Top of Dataset records

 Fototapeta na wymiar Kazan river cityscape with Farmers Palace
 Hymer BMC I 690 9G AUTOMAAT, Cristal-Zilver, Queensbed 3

Bottom of Dataset records
Top of Dataset records

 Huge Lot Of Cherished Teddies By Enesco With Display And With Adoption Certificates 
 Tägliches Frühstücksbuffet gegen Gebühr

Bottom of Dataset records
Top of Dataset records

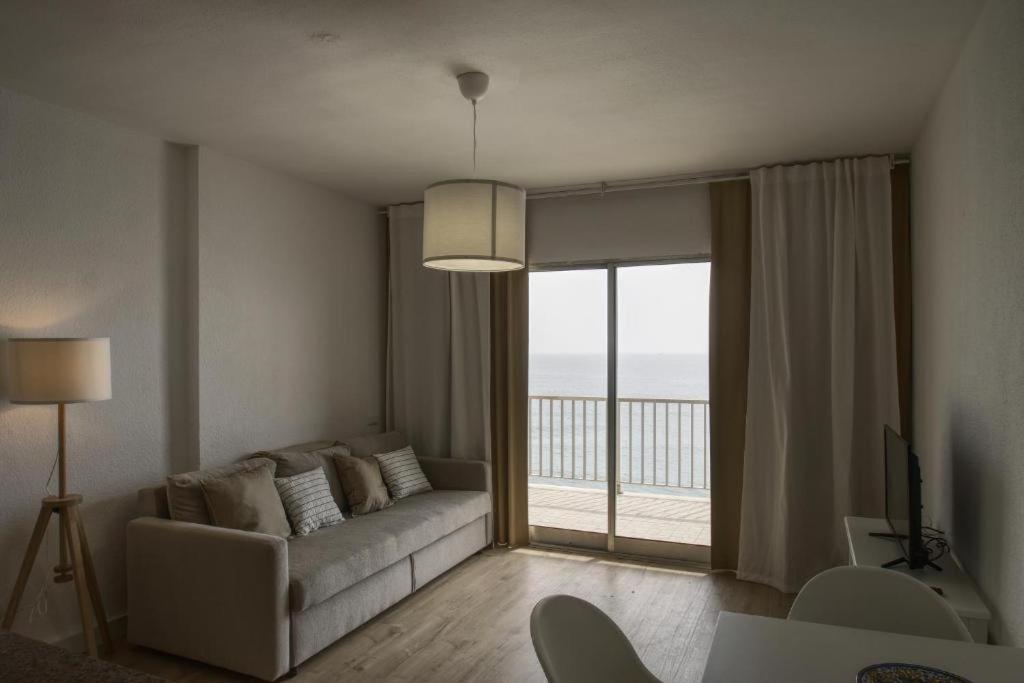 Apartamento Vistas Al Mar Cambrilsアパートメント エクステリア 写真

Bottom of Dataset records

→ **What you need to do**
Restate word for word the entries above from the line with "Fototapeta na wymiar" through the line with "Hymer BMC I", inclusive, leaving out everything else.

→ **Solution**
 Fototapeta na wymiar Kazan river cityscape with Farmers Palace
 Hymer BMC I 690 9G AUTOMAAT, Cristal-Zilver, Queensbed 3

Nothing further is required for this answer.